§ **AIM OF THE TASK**
Pictures appear among the records. Write out all else exactly as it stands.

==================================================

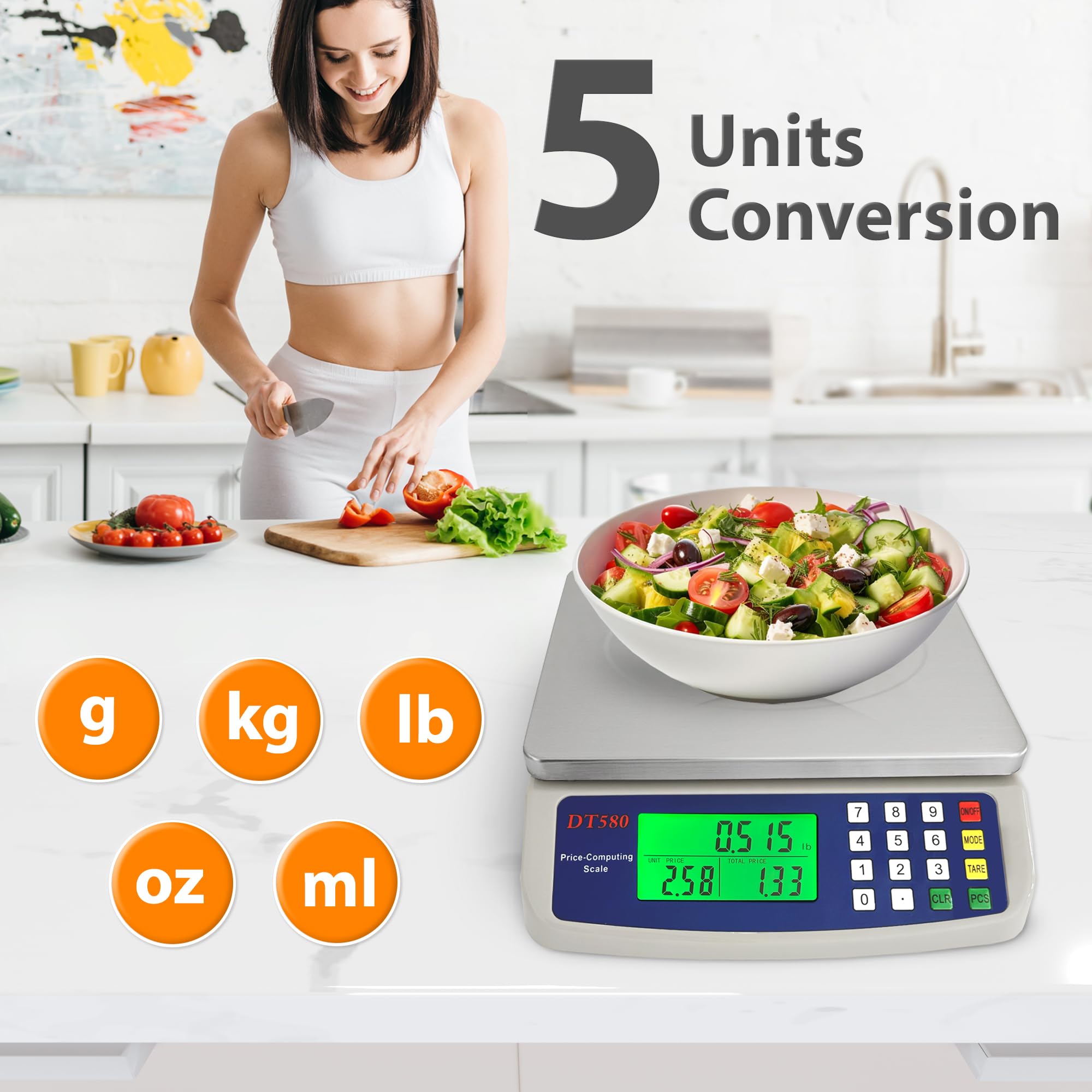 Duża cyfrowa waga kuchenna 40 kg/88 funtów, waga obliczeniowa ze stali nierdzewnej, waga licząca delikatesy z wyświetlaczem LCD do pieczenia chleba, gotowania, części do przygotowywania mięsa i monet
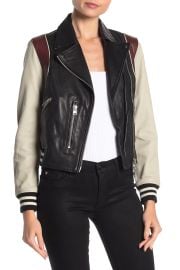 All Saints Colorblock Leather Jacket at Nordstrom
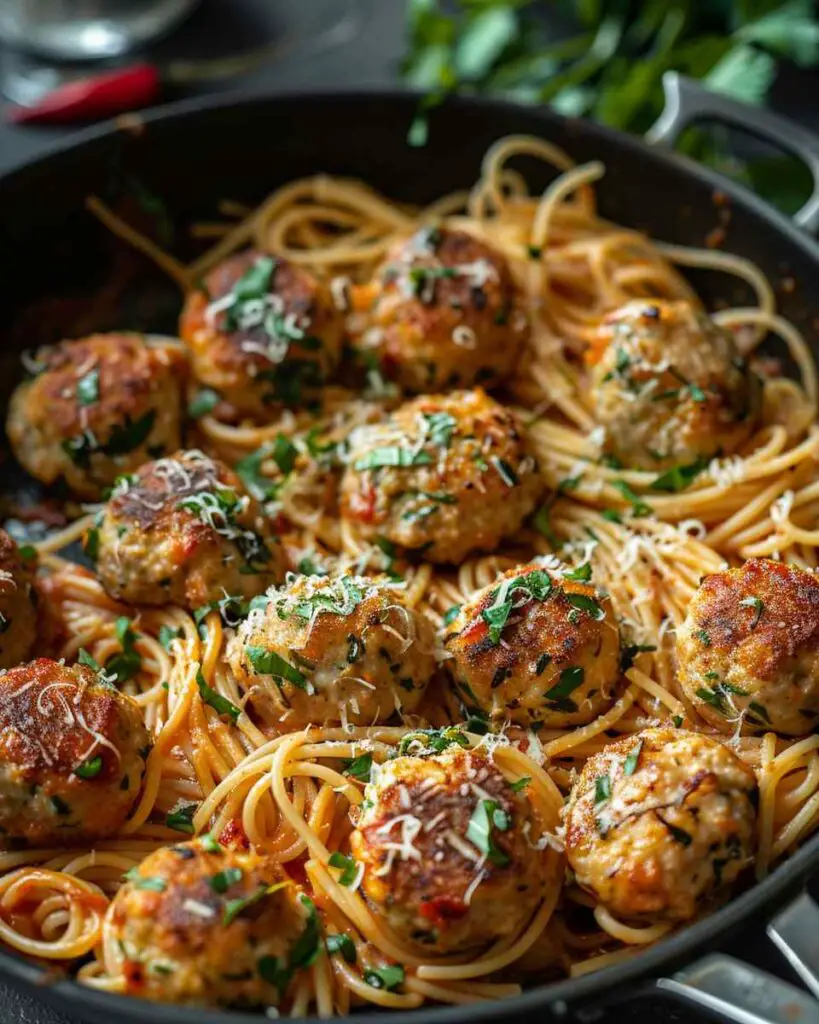 Delicious Chicken Piccata Meatball Pasta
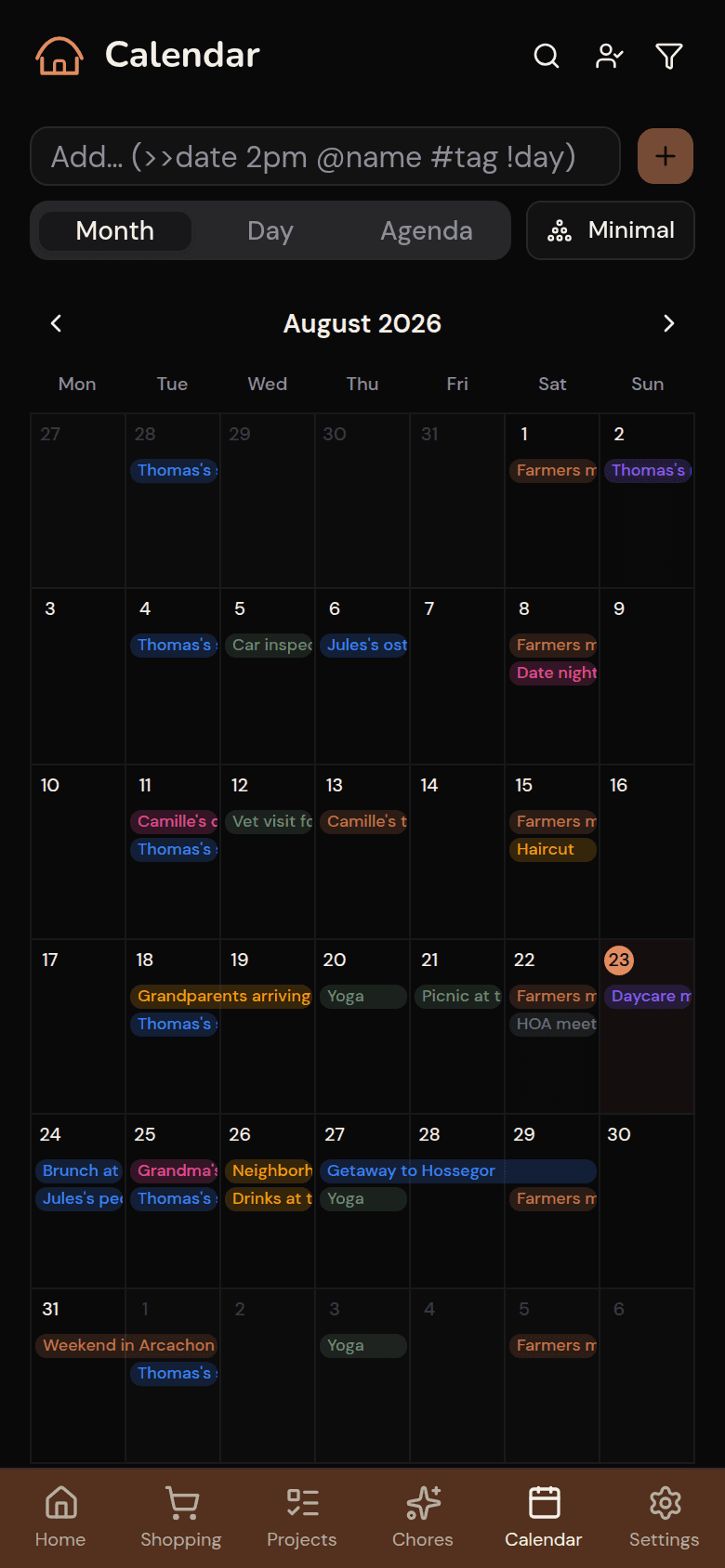 Shared Kotidy family calendar, month view
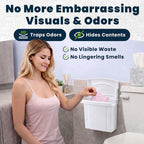 Alpine Sanitary Napkin Receptacle - Feminine Hygiene Disposal Container, Wall Mounted Trash Can with Odor Control Seal & Installation Hardware (White)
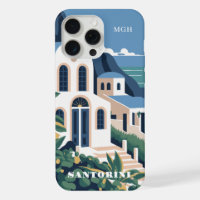 Custom Monogram & Text Santorini Greece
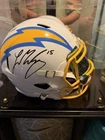 Ladd McConkey Autographed Full Size Replica Chargers Helmet Beckett COA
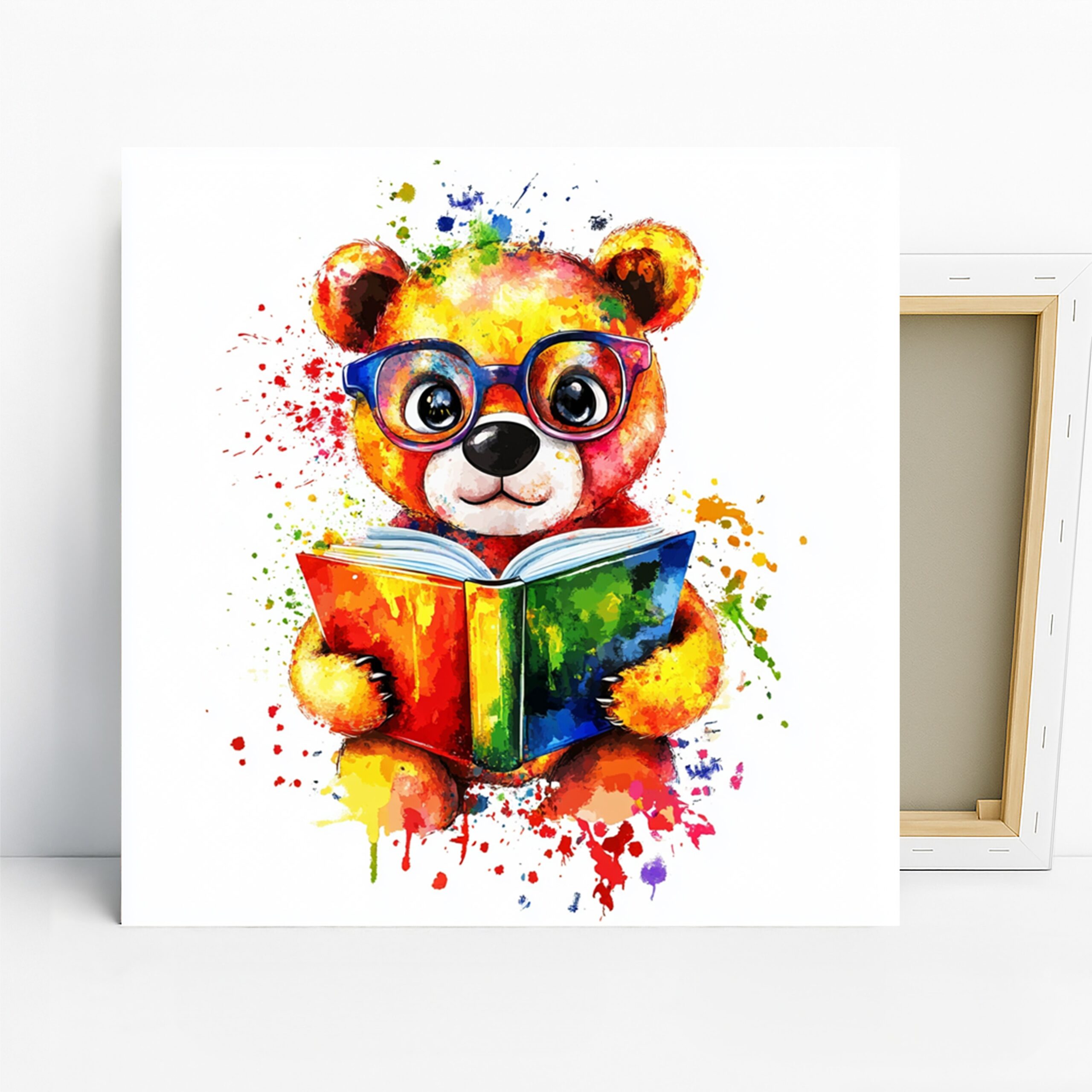 Bear Reading Book Art, Canvas or Poster, Whimsical Modern Decor, Children’s Room Nursery Library Office Wall Art, Multicolor Yellow Blue Red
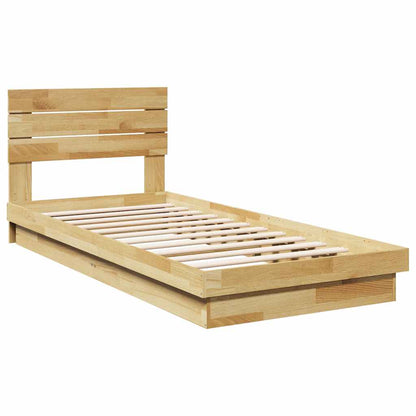 Massivholzbett mit Kopfteil ohne Matratze 100x200 cm Eichenholz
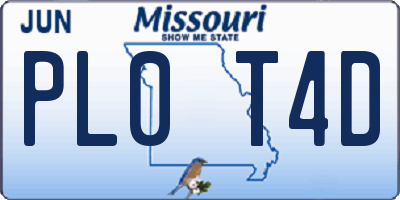 MO license plate PL0T4D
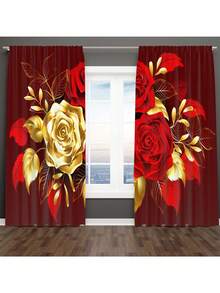 2D Flat - 2pcs Valentine'S Day 3-Rose Bouquet Curtain Set | Red & Golden-Yellow Roses With Foliage Pattern, Luxurious Art Deco Design, Polyester Velvet, Semi-Sheer, Machine Washable For Bedroom And Living Room Decor - Nhiều màu - Xem 6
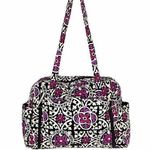 Vera Bradley Baby Bag Diaper Bag in Scroll Medallion Black Purple White Photo 0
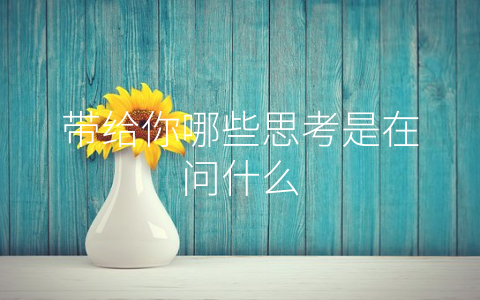 带给你哪些思考是在问什么
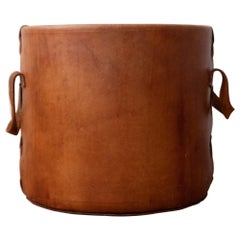 1960s Leather Planter or Waste Basket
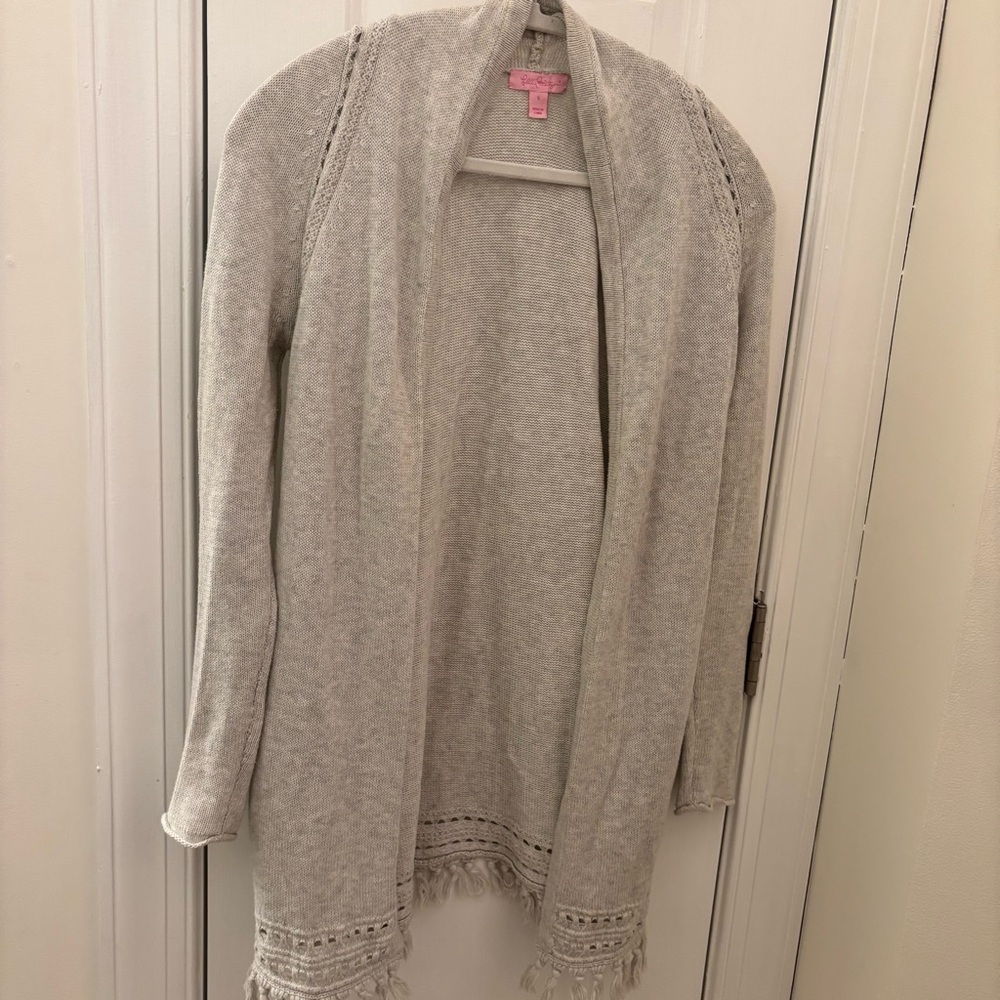 Lilly Pulitzer Oat 100% Cotton Martinique Open-Front Cardigan size S Resort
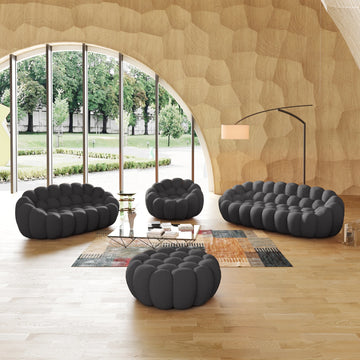 Essential 6-Seater grey 3D-Knitted Fabric Sofa Sets | 4-Piece (includes 1 Ottoman), 3D-Knitted Fabric, Spacious Design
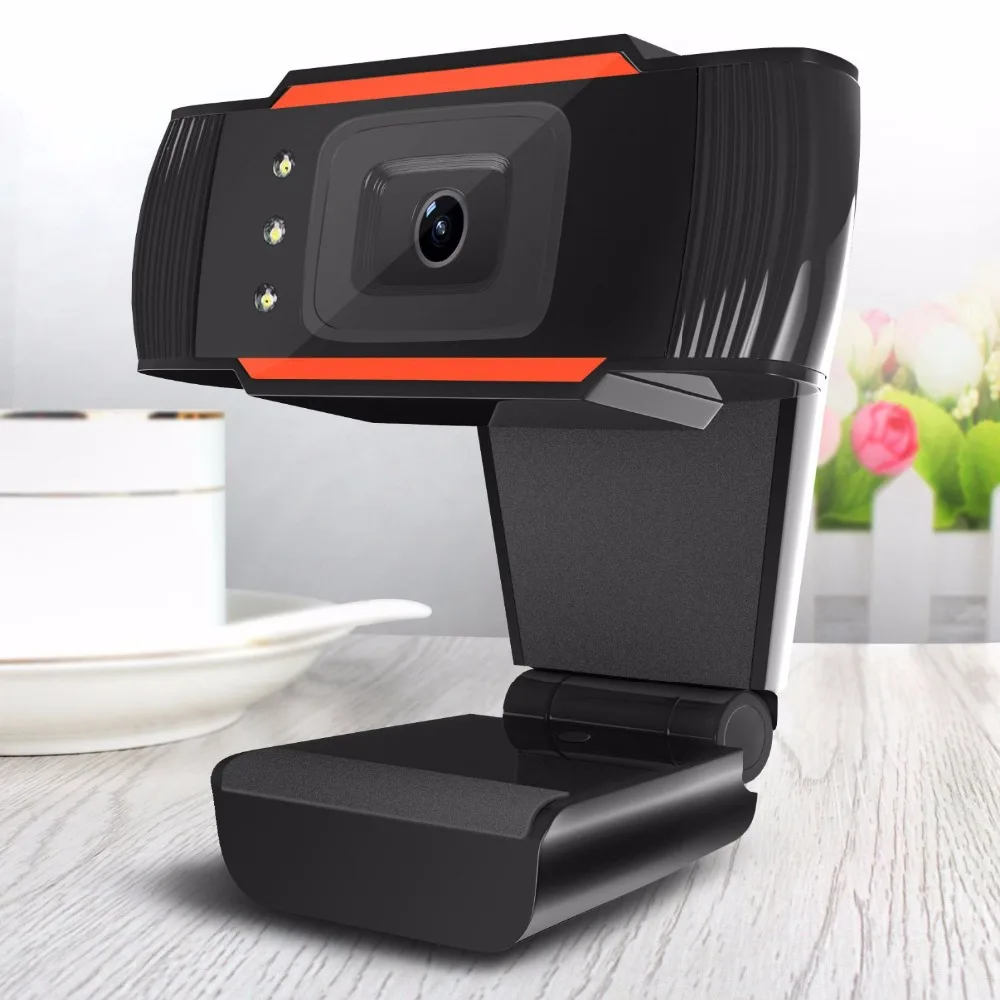 HD Webcam 3LED 480P PC Camera with Absorption Microphone MIC for Skype Android TV Rotatable Computer USB Web Cam | Компьютеры и офис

==================================================

§ **ANSWER TO THIS PROBLEM**
 Duża cyfrowa waga kuchenna 40 kg/88 funtów, waga obliczeniowa ze stali nierdzewnej, waga licząca delikatesy z wyświetlaczem LCD do pieczenia chleba, gotowania, części do przygotowywania mięsa i monet
 All Saints Colorblock Leather Jacket at Nordstrom
 Delicious Chicken Piccata Meatball Pasta
 Shared Kotidy family calendar, month view
 Alpine Sanitary Napkin Receptacle - Feminine Hygiene Disposal Container, Wall Mounted Trash Can with Odor Control Seal & Installation Hardware (White)
 Custom Monogram & Text Santorini Greece
 Ladd McConkey Autographed Full Size Replica Chargers Helmet Beckett COA
 Bear Reading Book Art, Canvas or Poster, Whimsical Modern Decor, Children’s Room Nursery Library Office Wall Art, Multicolor Yellow Blue Red
 Massivholzbett mit Kopfteil ohne Matratze 100x200 cm Eichenholz
 MO license plate PL0T4D
 2D Flat - 2pcs Valentine'S Day 3-Rose Bouquet Curtain Set | Red & Golden-Yellow Roses With Foliage Pattern, Luxurious Art Deco Design, Polyester Velvet, Semi-Sheer, Machine Washable For Bedroom And Living Room Decor - Nhiều màu - Xem 6
 Vera Bradley Baby Bag Diaper Bag in Scroll Medallion Black Purple White Photo 0
 带给你哪些思考是在问什么
 1960s Leather Planter or Waste Basket
 Lilly Pulitzer Oat 100% Cotton Martinique Open-Front Cardigan size S Resort
 Essential 6-Seater grey 3D-Knitted Fabric Sofa Sets | 4-Piece (includes 1 Ottoman), 3D-Knitted Fabric, Spacious Design
 HD Webcam 3LED 480P PC Camera with Absorption Microphone MIC for Skype Android TV Rotatable Computer USB Web Cam | Компьютеры и офис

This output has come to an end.